Taste of Edesia

A Bold Case for Chinese Wine with Cantonese Craft

There is a certain skepticism that follows any attempt to pair Chinese wines with refined Cantonese cuisine —a legacy of thin, candied reds and hollow whites that once haunted domestic cellars. But Chef Tam Kwok-Fung, at his rechristened Chef Tam’s Seasons within Wynn Palace Macau, is out to shatter that memory. His latest tasting menu doesn’t just nod to local wines; it builds an entire argument around them, course by meticulous course, using award-winning bottles from the 2026 Wynn Signature Chinese Wine Awards.

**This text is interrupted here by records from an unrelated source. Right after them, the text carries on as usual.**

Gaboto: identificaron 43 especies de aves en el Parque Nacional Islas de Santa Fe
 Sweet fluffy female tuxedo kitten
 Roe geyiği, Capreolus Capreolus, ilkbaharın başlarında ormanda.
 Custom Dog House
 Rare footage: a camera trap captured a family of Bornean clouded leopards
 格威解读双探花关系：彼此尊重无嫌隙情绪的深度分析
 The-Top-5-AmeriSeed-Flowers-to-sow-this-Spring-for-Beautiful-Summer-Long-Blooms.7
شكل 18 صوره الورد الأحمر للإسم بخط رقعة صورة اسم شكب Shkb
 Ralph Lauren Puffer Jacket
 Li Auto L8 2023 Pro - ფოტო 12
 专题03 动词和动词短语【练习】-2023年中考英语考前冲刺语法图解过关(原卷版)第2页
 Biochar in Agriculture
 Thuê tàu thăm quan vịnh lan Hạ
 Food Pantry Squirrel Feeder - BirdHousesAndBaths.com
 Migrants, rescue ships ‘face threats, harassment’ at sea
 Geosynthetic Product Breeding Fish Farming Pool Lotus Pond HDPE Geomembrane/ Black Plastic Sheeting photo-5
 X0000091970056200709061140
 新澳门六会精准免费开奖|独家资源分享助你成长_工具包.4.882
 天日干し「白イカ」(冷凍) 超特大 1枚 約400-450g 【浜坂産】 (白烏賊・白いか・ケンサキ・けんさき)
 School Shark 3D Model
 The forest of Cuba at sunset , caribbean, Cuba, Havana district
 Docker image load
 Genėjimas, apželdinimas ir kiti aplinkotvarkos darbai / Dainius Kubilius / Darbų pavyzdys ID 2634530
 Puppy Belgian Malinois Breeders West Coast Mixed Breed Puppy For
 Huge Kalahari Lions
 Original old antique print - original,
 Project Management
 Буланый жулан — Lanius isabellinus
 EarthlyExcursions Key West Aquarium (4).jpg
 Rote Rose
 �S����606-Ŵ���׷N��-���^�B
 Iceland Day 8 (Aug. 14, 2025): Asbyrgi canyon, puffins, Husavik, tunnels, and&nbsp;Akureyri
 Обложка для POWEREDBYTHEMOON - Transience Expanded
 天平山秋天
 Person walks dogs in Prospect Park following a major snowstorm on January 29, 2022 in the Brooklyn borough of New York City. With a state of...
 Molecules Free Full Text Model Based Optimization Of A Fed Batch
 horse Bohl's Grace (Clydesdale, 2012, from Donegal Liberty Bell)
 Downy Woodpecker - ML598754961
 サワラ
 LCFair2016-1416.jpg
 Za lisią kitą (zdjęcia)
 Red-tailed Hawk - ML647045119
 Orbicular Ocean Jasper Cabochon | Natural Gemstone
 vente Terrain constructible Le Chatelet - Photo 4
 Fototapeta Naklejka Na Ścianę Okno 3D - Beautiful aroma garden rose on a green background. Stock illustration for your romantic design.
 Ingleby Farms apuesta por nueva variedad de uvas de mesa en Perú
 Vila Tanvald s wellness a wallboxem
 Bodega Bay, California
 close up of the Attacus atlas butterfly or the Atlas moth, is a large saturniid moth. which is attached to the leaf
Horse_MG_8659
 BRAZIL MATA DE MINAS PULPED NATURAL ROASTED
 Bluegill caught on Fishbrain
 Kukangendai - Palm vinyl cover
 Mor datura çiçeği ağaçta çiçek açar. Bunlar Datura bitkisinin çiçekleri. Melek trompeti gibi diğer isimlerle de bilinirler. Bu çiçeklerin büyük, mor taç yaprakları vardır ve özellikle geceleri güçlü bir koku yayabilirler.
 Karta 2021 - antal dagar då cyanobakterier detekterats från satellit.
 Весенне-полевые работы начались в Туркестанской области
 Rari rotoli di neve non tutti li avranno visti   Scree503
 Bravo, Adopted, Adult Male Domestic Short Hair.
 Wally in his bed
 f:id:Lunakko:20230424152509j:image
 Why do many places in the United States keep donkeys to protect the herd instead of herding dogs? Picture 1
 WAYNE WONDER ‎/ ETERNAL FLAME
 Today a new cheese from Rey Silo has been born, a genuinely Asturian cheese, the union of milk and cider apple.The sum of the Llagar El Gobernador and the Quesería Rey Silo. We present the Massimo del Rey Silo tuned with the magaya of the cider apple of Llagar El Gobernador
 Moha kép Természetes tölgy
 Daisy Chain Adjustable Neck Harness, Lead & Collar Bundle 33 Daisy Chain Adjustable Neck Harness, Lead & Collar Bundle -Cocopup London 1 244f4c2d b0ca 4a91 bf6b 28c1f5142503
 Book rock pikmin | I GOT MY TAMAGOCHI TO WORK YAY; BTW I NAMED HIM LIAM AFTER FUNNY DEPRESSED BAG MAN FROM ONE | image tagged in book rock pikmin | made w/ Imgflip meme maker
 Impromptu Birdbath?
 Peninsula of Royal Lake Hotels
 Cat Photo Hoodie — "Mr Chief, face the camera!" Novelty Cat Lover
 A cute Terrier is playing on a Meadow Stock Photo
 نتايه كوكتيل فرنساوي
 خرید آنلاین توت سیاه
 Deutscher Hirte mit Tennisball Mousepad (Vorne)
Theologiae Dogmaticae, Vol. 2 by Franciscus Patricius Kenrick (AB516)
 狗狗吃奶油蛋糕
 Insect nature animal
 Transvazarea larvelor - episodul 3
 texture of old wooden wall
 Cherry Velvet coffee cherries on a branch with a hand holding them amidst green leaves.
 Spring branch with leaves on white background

The meal opens with a Guangzhou-style appetiser trio that immediately signals precision. The lobster “gwok ji”—a crisp, golden custard cube—shatters to reveal a silky, sea-sweet interior. Next to it, Xinjiang pickled radish with plum and fruit vinegar offers a bracing, almost electric sourness. And the chilled pork ear terrine, layered like a geological cross-section, delivers a clean, gelatinous bite. The Dew Sparkling N1/04—a brisk, bead-fine sparkler—does exactly what it should: its piercing acidity scrubs away the terrine’s richness, leaving you ready for more.

Then comes the soup: double-boiled fig leaf gourd, conpoy, pork ribs, fish maw, and pearl meat. The broth is a masterwork of clarity and depth—almost translucent, yet densely packed with marine umami and the subtle sweetness of dried scallops. It’s the kind of soup that demands silence.

The signature stuffed crab shell with bird’s nest is, frankly, architectural. The filling is loose and creamy, packed with hand-picked crab meat, topped with a generous puff of bird’s nest. The Cannan Winery Chunter and Verse Mastery Sauvignon Blanc 2023 (a proud medalist) brings gooseberry zip and a flinty spine—exactly the kind of high-toned acidity a dish this decadent needs to avoid collapsing under its own weight.

A fig-leaf steamed fish with salted citrus follows. The leaf imparts a faint, almost coconut-like perfume. Paired with the Cannan Winery Chapter and Verse Reserve Chardonnay 2020—toasty, lees-aged, and surprisingly taut—the combination is revelatory. The wine’s creamy mid-palate mirrors the fish’s texture, while its citrus-laced finish echoes the salted citrus.

The sand ginger salt-baked baby pigeon is a textbook study in contrast: the skin is paper-thin, flesh pink and violently juicy. And the Shangri-La Sacred Land Dry Red 2019, a burly Bordeaux-style blend, proves it can handle the gamey intensity without bullying it—a small miracle.

As for the steamed Tibetan suckling pig? It’s luscious, almost buttery. The same red wine holds firm, its tannins softening against the fat.

Dessert—a nostalgic triptych of ginger date pudding, deep-fried mochi, and salted egg yolk layered cake—finds its perfect foil in the Amethyard Petit Manseng Sweet Wine 2024. Named Best Wine of China at the awards, this late-harvest stunner offers pineapple richness and a bracing, acidic finish that never cloys. It’s the rare sweet wine that actually cleanses.

Chef Tam is not merely substituting French labels with Chinese ones. He is proving, plate after plate, that the country’s best wines have outgrown their training wheels. At Chef Tam’s Seasons, the pairing is no longer a novelty. It’s a statement. And it’s delicious.